My mother recoiled a bit, her hand lazily hanging off the doorknob, threatening to leave it and any memory of me behind. Her eyebrows entered the middle of her forehead in sheer surprise, and her lower lip stiffened in a loss for words.
“Little girls don’t speak to their mothers like that,” she whispered, not at all scolding, but instead contemplative. Her tight frown of confusion flattened into a snakelike grin, only missing the flickering of a forked tongue. Her eyes almost seemed to stretch into slits, and her grip on the doorknob tightened, as though imagining it was the prey I had become.
“Yes, your closet’s on tonight. Happy shadows, dear.”
And then came the darkness.
I didn’t need to look out the window to tell the lights in the city were switching to darkness. It was as if God was flipping the switch, locking up for the night, leaving the world to mind itself.
The darkness emanating from the city was darker than simple lack of light, and as it began to bleed from the windows flanking both sides of my bed, it seemed as if I was glowing, and slowly going out.
The tendrils curled onto my windowsill, latching onto the wall, closing in on my pure, darkless form. Even light is capture by black holes, and it can never escape.
But, as it always did, the darkness stopped at my bed, seemingly unable to ascend the quilt my mother draped over me. I continued to glow, defying the darkness that had dared to enter my room.

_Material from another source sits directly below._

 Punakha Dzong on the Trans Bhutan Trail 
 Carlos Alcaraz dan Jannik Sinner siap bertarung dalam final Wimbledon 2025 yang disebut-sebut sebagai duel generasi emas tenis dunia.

Tonight, though, my closet was banging louder than ever, insisting my fight against darkness was not yet over. Instead of keeping vigil over me all night, as it usually did, the darkness was sucked under the and between the closet doors until the room was nearly as bright as it had been before my bedroom door had closed. It seemed worse than simple darkness, this eerie light amid a clanging and gurgling closet, like an innocent prisoner awaiting execution.
And with a sound like a gunshot, the blow was dealt.
The closet had been opened, not by the bogeyman, but by my shadow. It had waited twelve years for its feast day, and finally, my essence was ripe for consumption.
In the light of my room, my body’s shadow innocently stretched to rest under my windowsill, tying me to the filthy, crusty carpet. my true shadow proudly strutted across the room to it, not giving me an instant of recognition. Turning from confidence to curiosity, my shadow knelt to meet the one my body cast, as though looking into a mirror for the first time. Tentatively, it held its dark hand to the one on the floor, touching it lightly to the unfeeling ground.
At that moment, my hand fell limp, while my shadow’s burned with flesh and bone, giving substance to the insubstantial being. It had no face yet, but its body rippled with joy at finally becoming real.
Taking no time for needless ceremony, my shadow flung itself onto the floor, engulfing the absence of light. My body slumped heavily onto a pile of pillows, now useless with its master gone.
My true shadow, all the hatred and sin caused by my obstruction of the light of righteousness, now controlled my body. Suddenly, everything else about my had become meaningless.
And now the lights are off, and there’s nothing to scare the shadows away.